These previously unpublished stories written in Truman Capote’s youth are instantly recognizable.
The Early Stories of Truman Capote contains 14 stories, most previously unpublished, written in Capote’s teens and 20s, and only recently unearthed among his papers in the New York Public Library archives. Presented with a foreword by Hilton Als of the New Yorker, these are short pieces, studies of subjects Capote would continue to favor in the later works for which he is known: sensitive young children, fractious ladies, the poor and the disenfranchised. They are set in the Deep South, in New York City, in swamps and in small towns.

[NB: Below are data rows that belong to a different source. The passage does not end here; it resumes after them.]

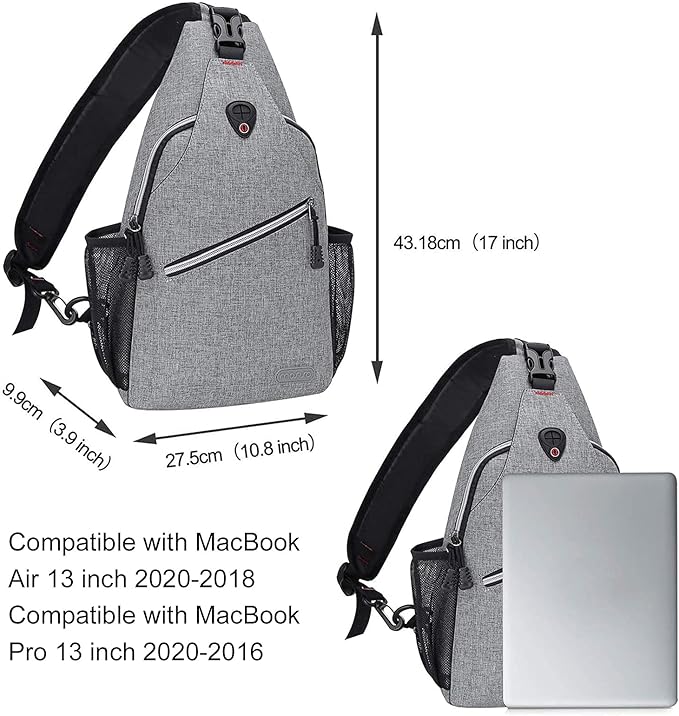 MOSISO Rope Sling Backpack (Up to 13 inch), Multipurpose Crossbody Chest One Shoulder Outdoor Travel Hiking Daypack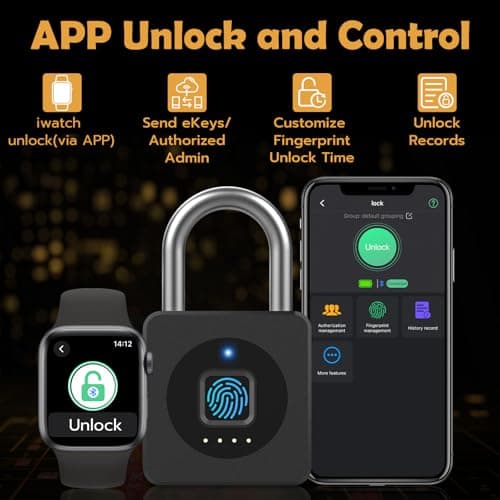 Anweller Fingerprint Padlock with APP, Steel Cable Keyless Biometric Smart Padlock,Gym Locker Padlocks Waterproof for Gym, Locker, Helmet, Gate, Fence, Luggage — view 3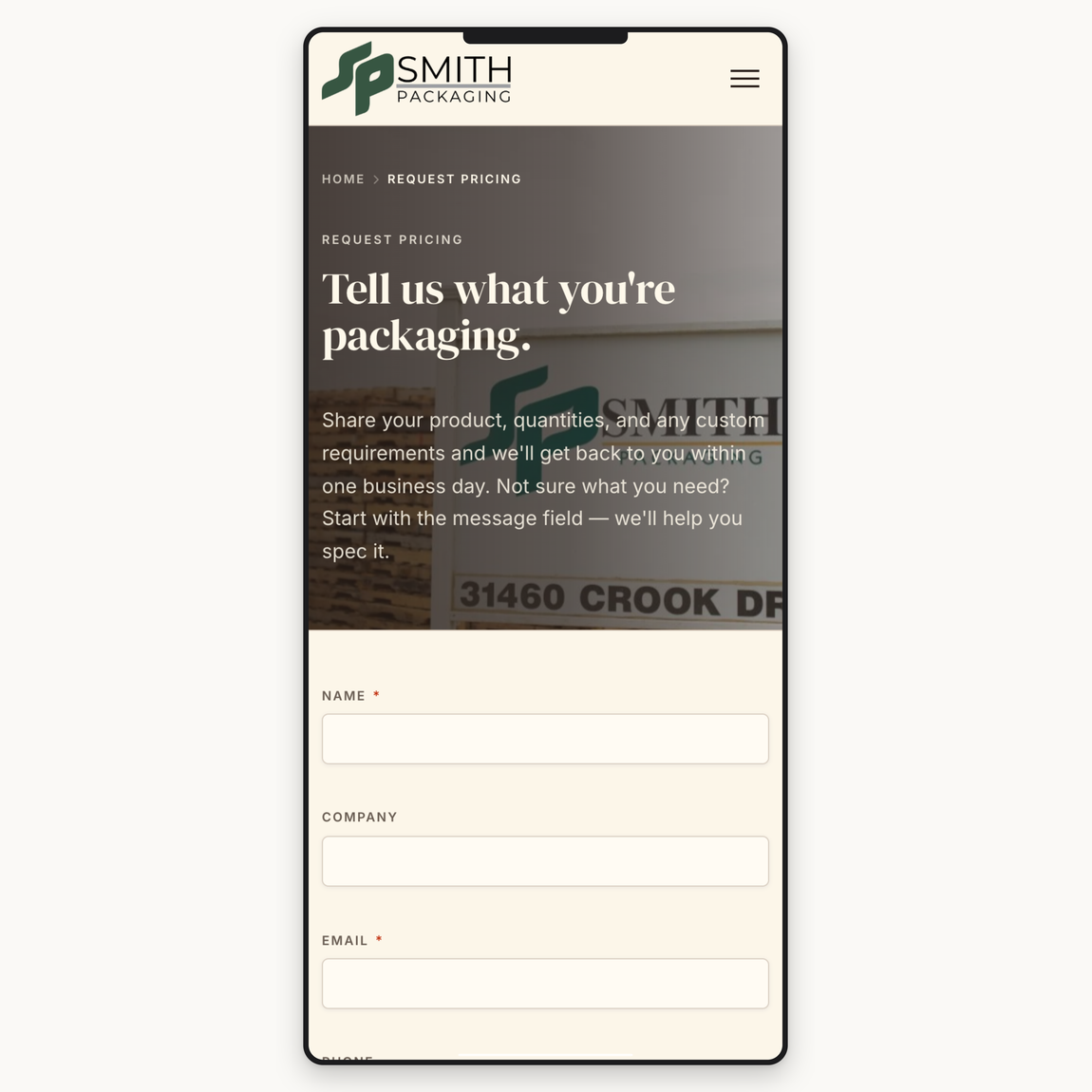 The Smith Packaging request pricing form on a phone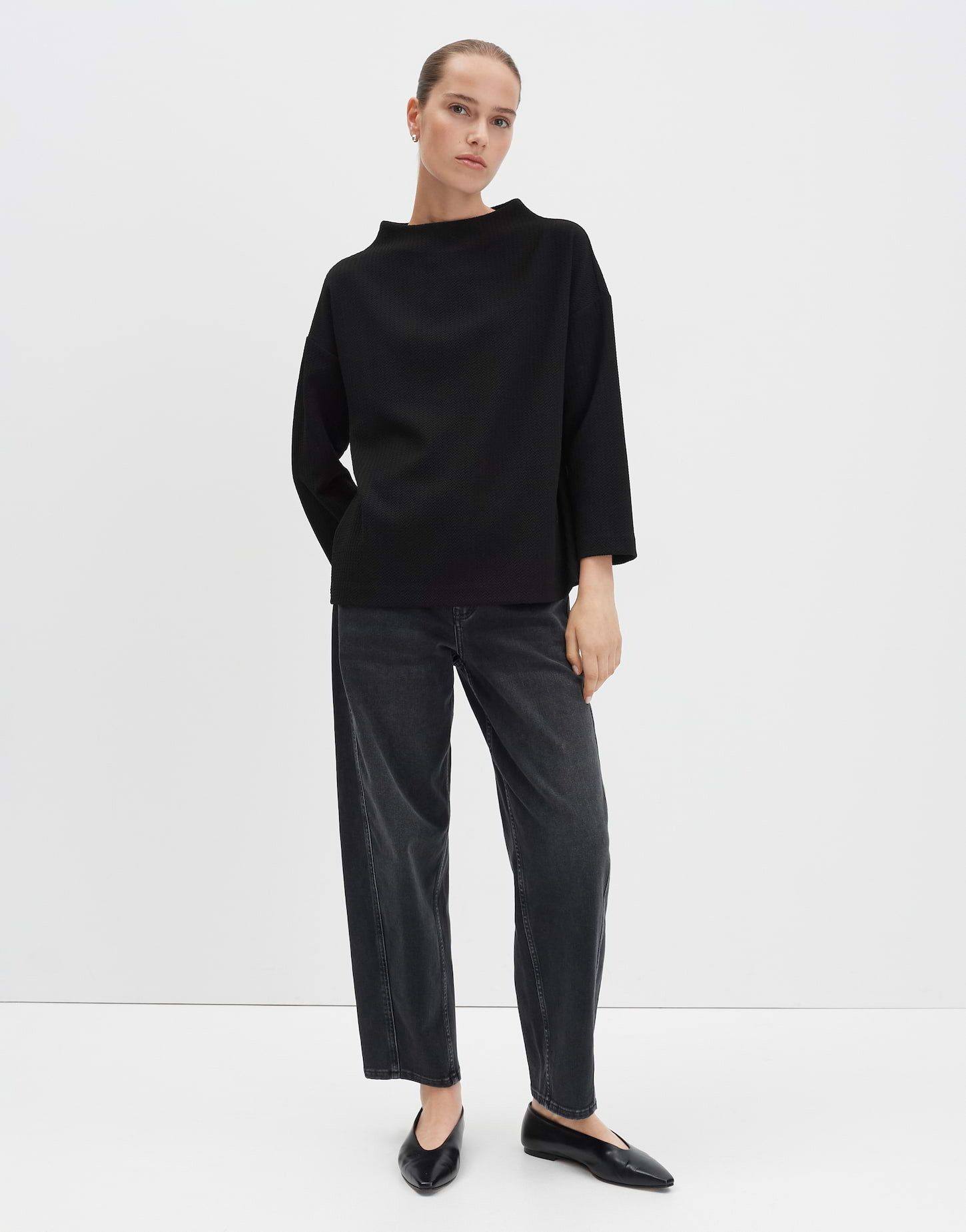 someday 3/4-Arm-Shirt KELBY Regular mit Fischgratstruktur lockere Passform, gerader Schnitt, Fischgrat Muster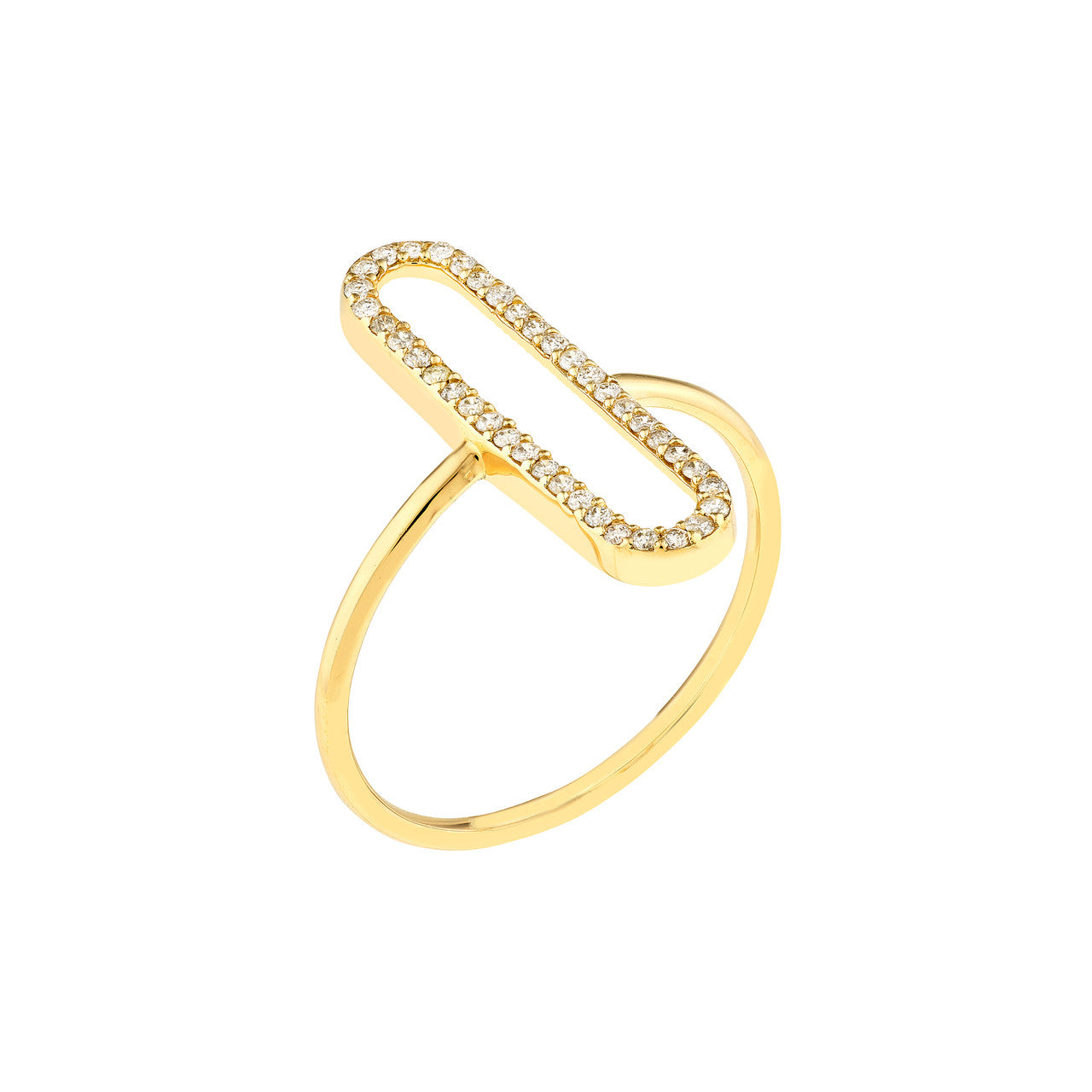 Diamond Paper Clip Frame Ring 14K Yellow Gold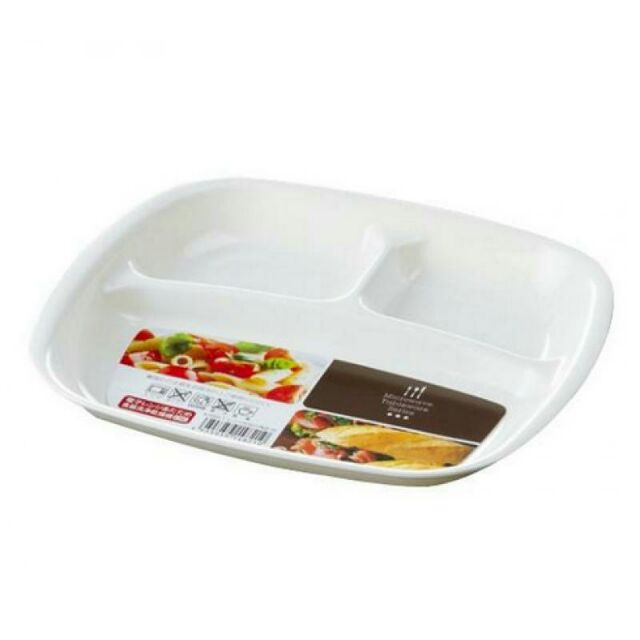 Khay đựng thức ăn chia 3 ngăn Nhật Bản Inomata cho bé ăn dặm, du lịch, picnic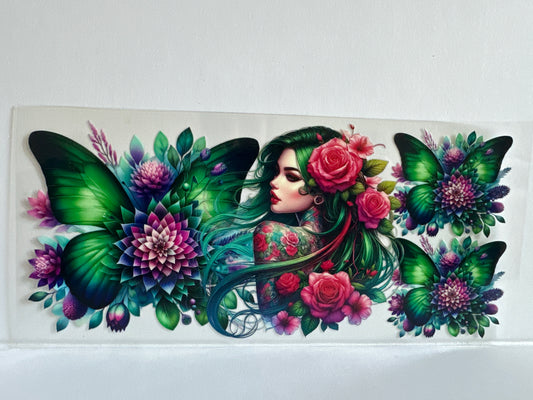 H47 tattooed girl with green butterfly flowers sassy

The talents of the author of In Cold Blood and Breakfast at Tiffany’s are evident in this early work. His descriptions are simple but strongly evocative: “curly, wig-like grey hair” and eyes “bright, like bubbles of blue glass.” His characters tend to be laconic but expressive, with interjections speaking as loudly as words. In “Swamp Terror,” a boy chases a convict into the woods and gets a bigger taste of adulthood than he bargained for. In “Louise,” a schoolgirl lets her petty jealousies do irreparable harm. “Traffic West” presents a remarkable collection of characters and events, in experimental form. In other stories, a young boy finds the dog of his dreams in a park, but the dog belongs to another child; and two wives muse on the hypothetical murder of their husbands.
These easy-reading, alternately amusing and haunting stories offer a fresh, new glimpse of Capote’s genius, and simultaneously feel intimately familiar.